La Stampa, 23 marzo 2016
Lidia Macchi, un corpo riesumato in cerca del Dna dell’assassino
I magistrati della Procura di Milano cercano tracce di materiale biologico che abbia resistito tutto questo tempo. In particolare, qualche microscopica porzione di liquido seminale rimasta miracolosamente nella salma della studentessa uccisa a 21 anni. A effettuare le analisi sarà l’anatomopatologa Cristina Cattaneo, il super-perito ormai specializzato in «cold case», che si è occupata degli omicidi di Yara Gambirasio e di Elisa Claps. Tra l’altro alla Cattaneo è stata affidata anche la riesumazione, avvenuta anch’essa ieri, di Serena Mollicone, la diciottenne trovata senza vita nel 2001 in un boschetto in provincia di Frosinone.Nel corpo di Lidia potrebbe essere conservata la prova regina che può condannare definitivamente o scagionare Stefano Binda, che nel frattempo avrebbe già dato l’assenso al test del Dna. Sul materiale genetico si è consumato un pasticcio che ha impedito un concreto sviluppo investigativo verso l’identificazione del colpevole. Nel 2000, un anno dopo la trasmissione Blu Notte che indicava come soluzione al caso Macchi le nuove tecnologie di rilevazione del Dna, i 13 vetrini contenenti lo sperma ritrovato sul corpo della ragazza e pezzi insanguinati dei suoi vestiti andarono distrutti per ordine del gip Ottavio D’Agostino. Fu un errore irreparabile ma che è stato svelato solo di recente, quando l’inchiesta è stata tolta al pm di Varese Agostino Abate e avocata dal sostituto procuratore generale di Milano, Carmen Manfredda. Ma l’elenco dei misteri è ancora più lungo, perché ad andare persi furono anche la borsetta di Lidia e il sedile della Panda rossa della ragazza dove erano state prelevati frammenti di tessuto insanguinato: «La cosa che mi ha lasciato sconcertato, come cittadino prima ancora che come avvocato – spiega Daniele Pizzi, legale della famiglia Macchi – è stato scoprire che i reperti all’epoca sequestrati sono inspiegabilmente introvabili, come se si fossero persi chissà dove». Per la madre di Lidia, che ogni giorno guarda dalla finestra la tomba della figlia al cimitero di Casbeno, quello di ieri è stato «un dolore necessario: non avremmo voluto la riesumazione, ma non c’era alternativa visto che tutto è andato distrutto».

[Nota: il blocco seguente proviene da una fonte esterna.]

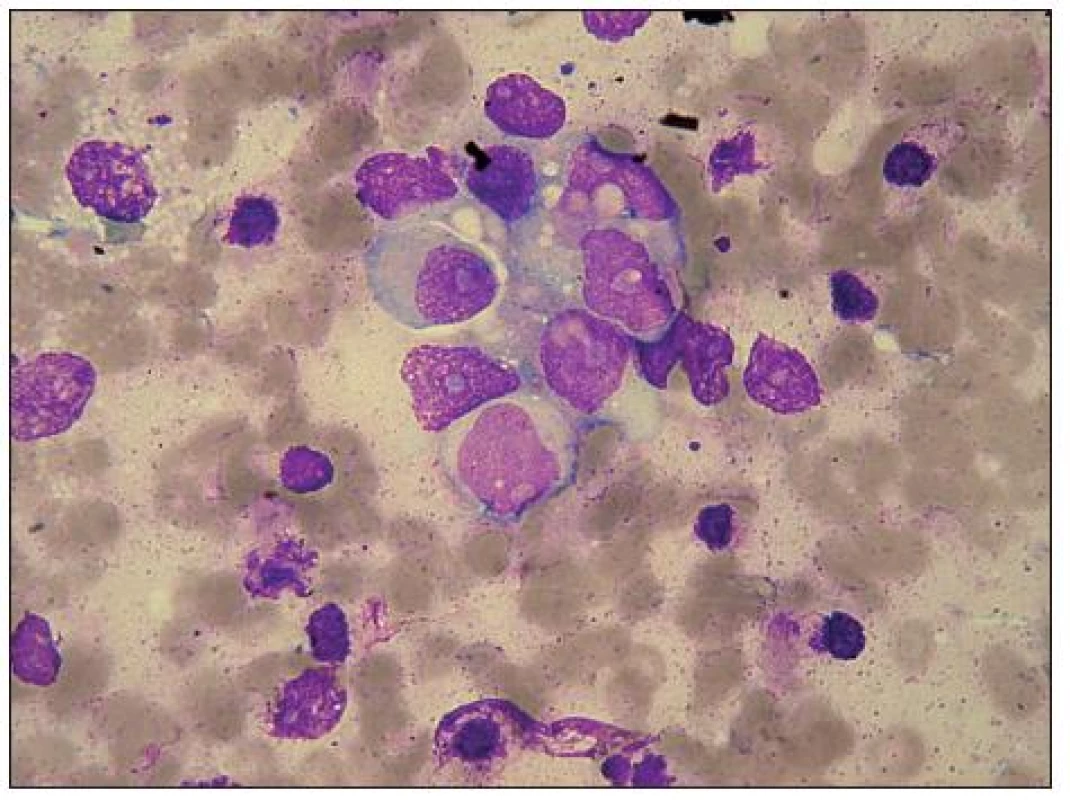 Neuroblastom – pro srovnání otisk primárního tumoru. Rozetovitý útvar neuroblastomových buněk s ganglioidní
diferenciací. Velká světlá, částečně excentricky uložená jádra, s velkými jadérky. Místy vakuoly v cytoplazmě. V pravé horní části rozetky ojedinělé fagocytované erytrocyty.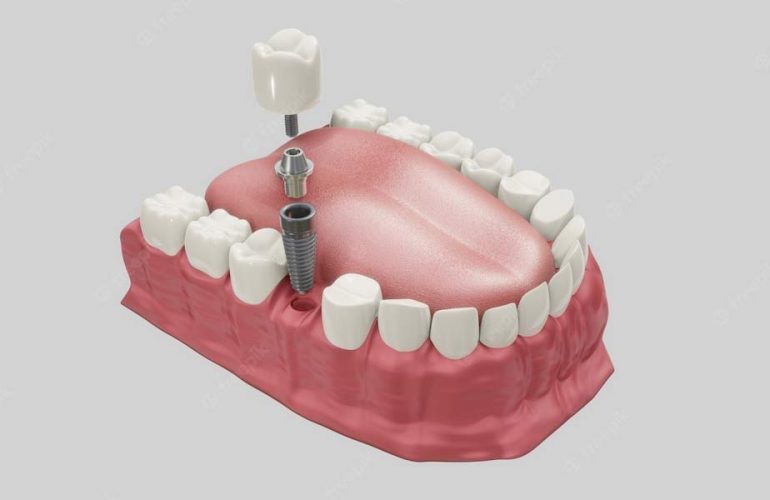 Dental Implants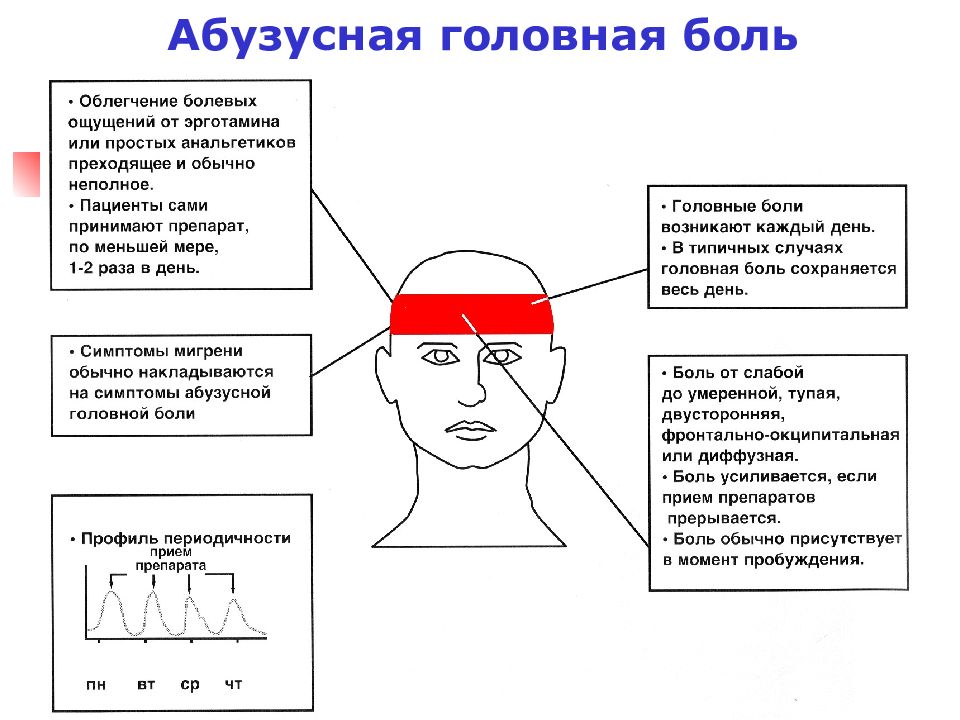 Схема головных болей у человека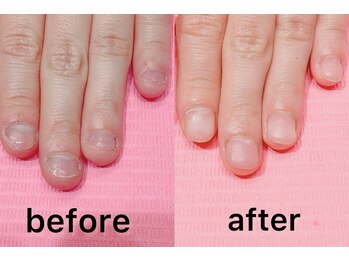 直せる深爪！こんなに綺麗に♪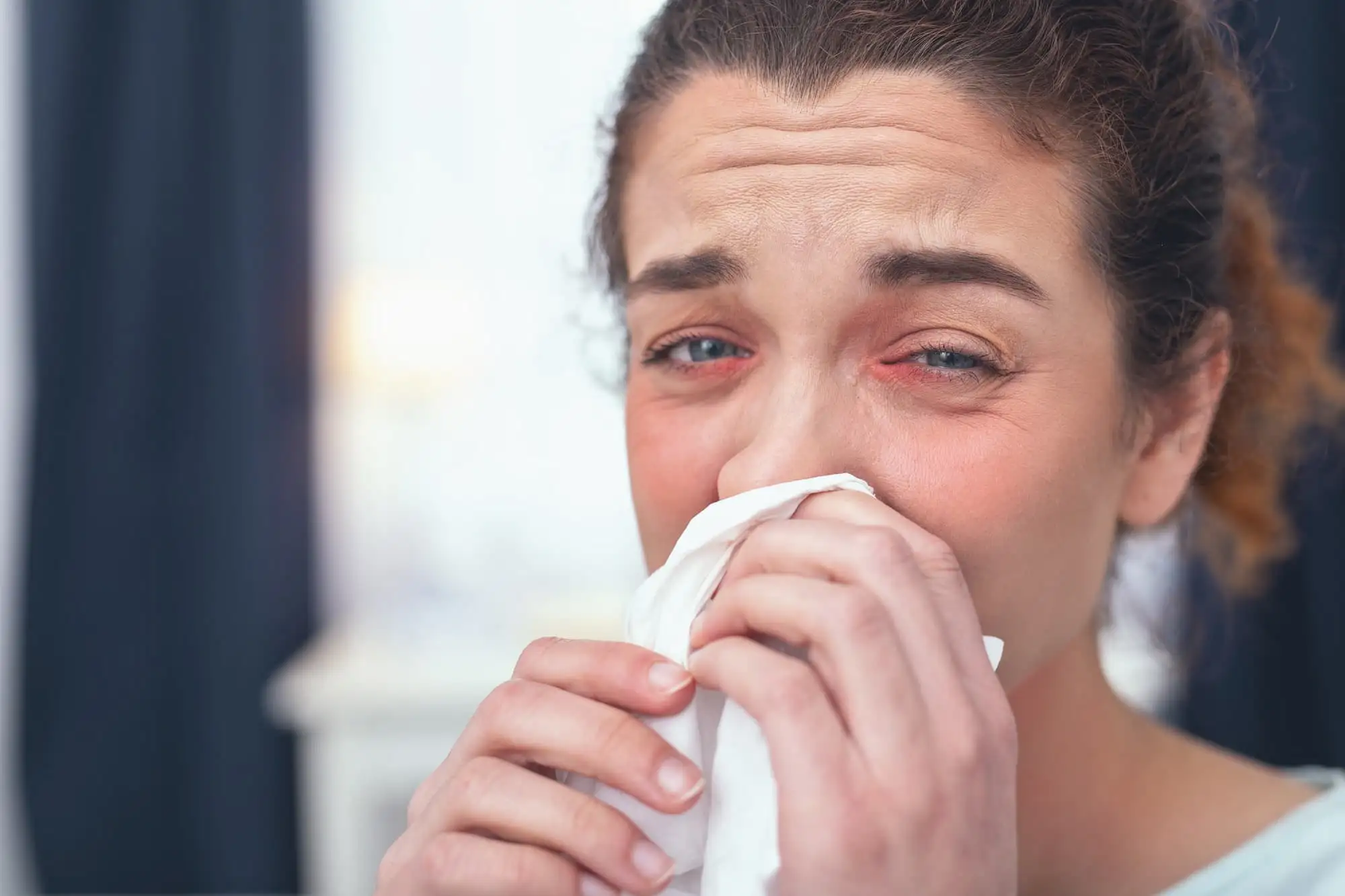 Allergic rhinitis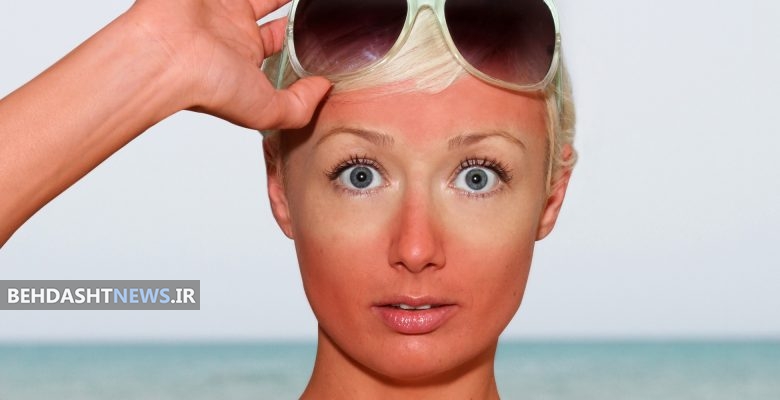 ۱۲ درمان طبیعی برای آفتاب‌سوختگی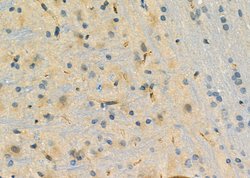 Invitrogen DHFR Polyclonal Antibody 100 &mu;L; Unconjugated:Antibodies,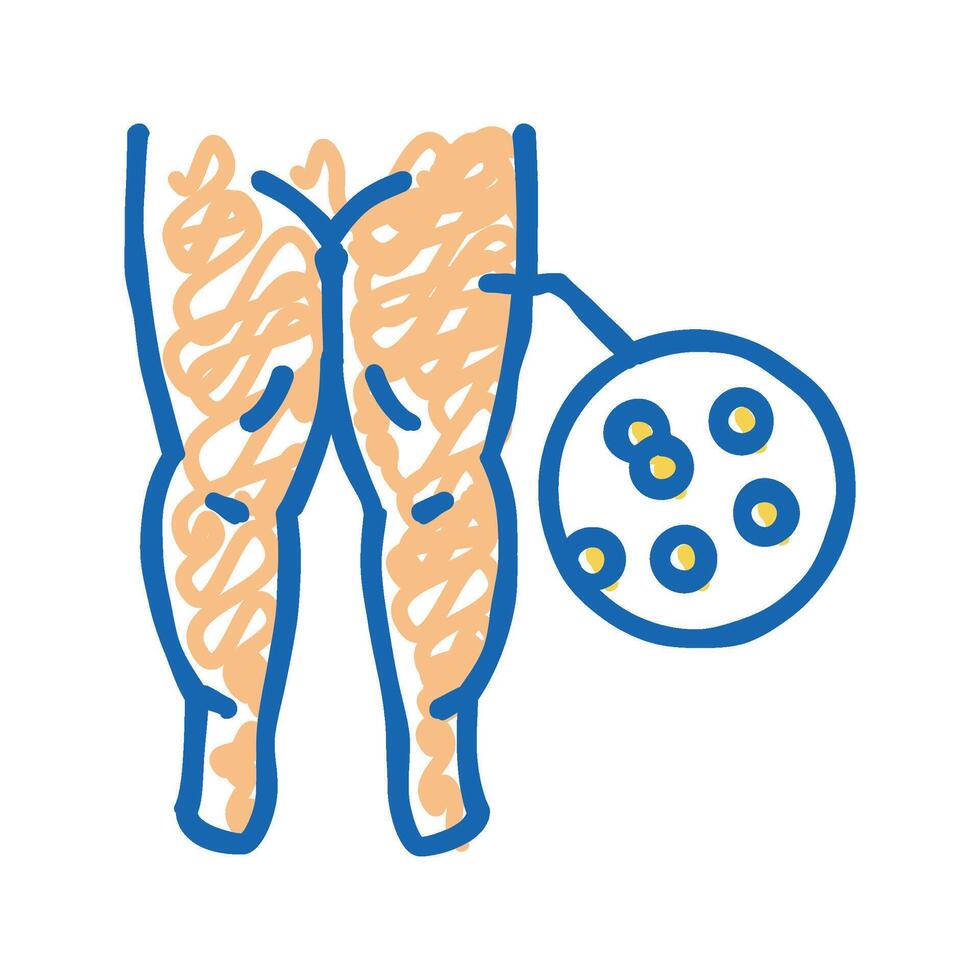 hypoproteinemic edema icon doodle illustration vector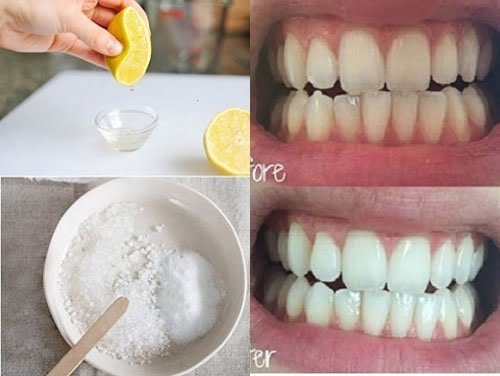 cách làm trắng răng bằng muối hạt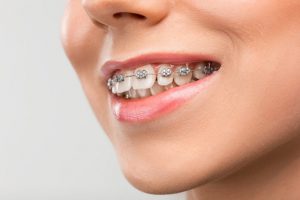 پوسیدگی دندان در درمان ارتودنسی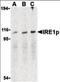 Endoplasmic Reticulum To Nucleus Signaling 1 antibody, orb96314, Biorbyt, Western Blot image 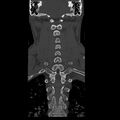 Occipital condyle fracture (Radiopaedia 31755-32691 Coronal bone window 23).jpg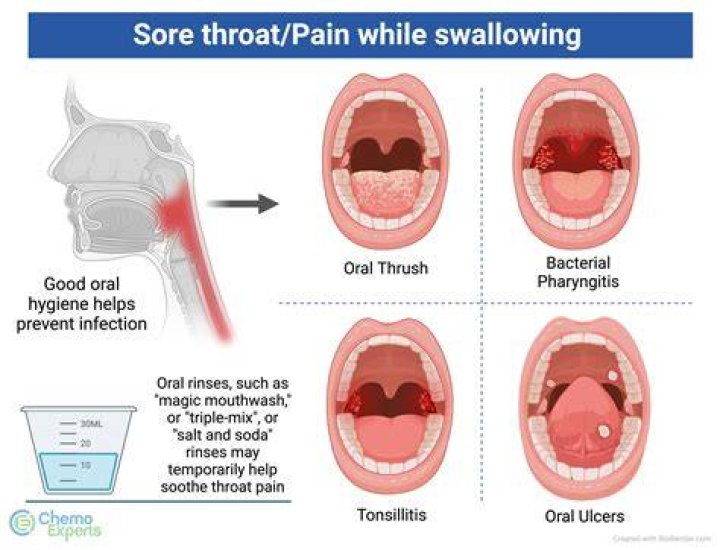 Can mouthwash cause sore throat?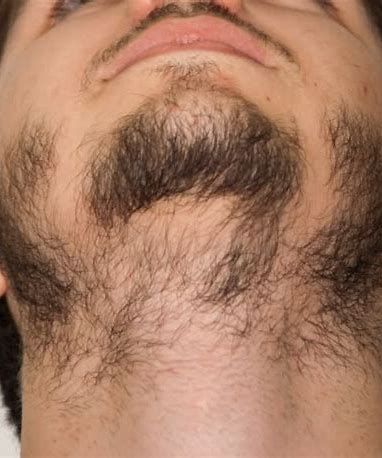 beard hair loss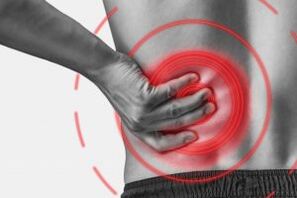 Juosmens stuburo osteochondrozė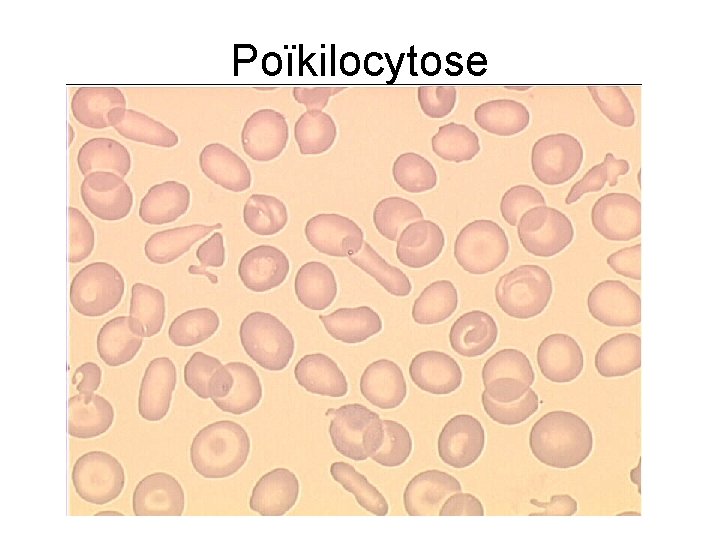 Poïkilocytose 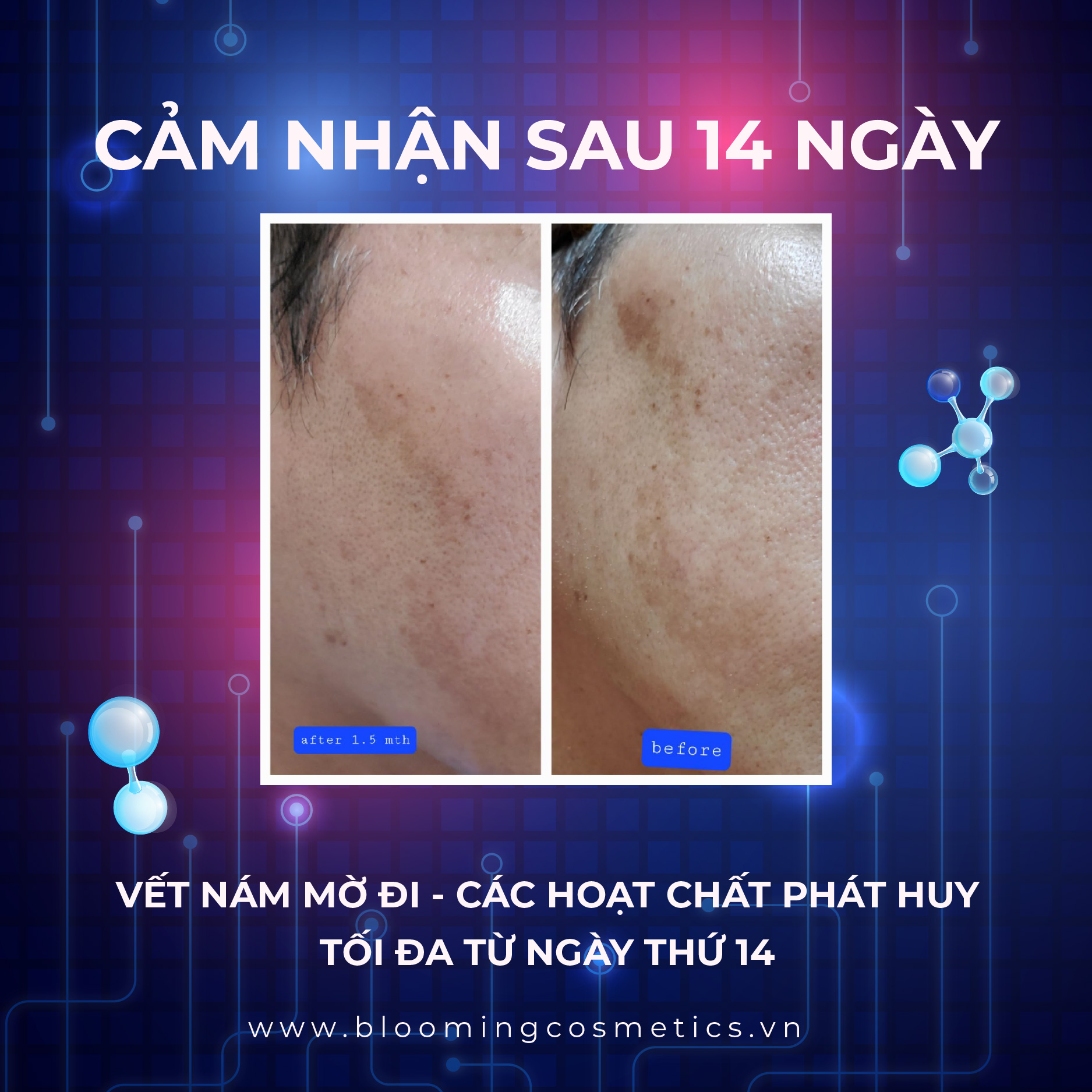 Serum dưỡng trắng da, mờ nám vượt trội Dominas Dark Spot Treatment 50ml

Le operazioni sono iniziate all’alba e sono durate fino alle 9. Le spoglie sono state poi trasportate all’Istituto di Medicina legale di Milano. Ci vorranno alcuni mesi per avere una risposta, quindi dopo il 29 aprile, giorno in cui la Cassazione deciderà sulla richiesta di scarcerazione di Binda, che continua a proclamarsi innocente, scegliendo di avvalersi della facoltà di non rispondere. Nel frattempo proseguono le ricerche sulla presunta arma del delitto: saranno analizzati 13 coltelli trovati nel parco Mantegazza, ancora posto sotto sequestro.
Alberto aveva 10 mesi quando sua sorella è morta. Ora, dopo l’ennesimo colpo di scena, quasi assuefatto al clamore mediatico, aspetta con dignità la risposta definitiva, qualunque essa sia e in un’intervista alla Stampa dice: «Non terrei in gabbia nessuno senza avere delle prove. Certo, ci siamo rimessi in gioco e abbiamo acconsentito alla riesumazione. Ma la nostra ragione di vita non è trovare l’assassino di Lidia».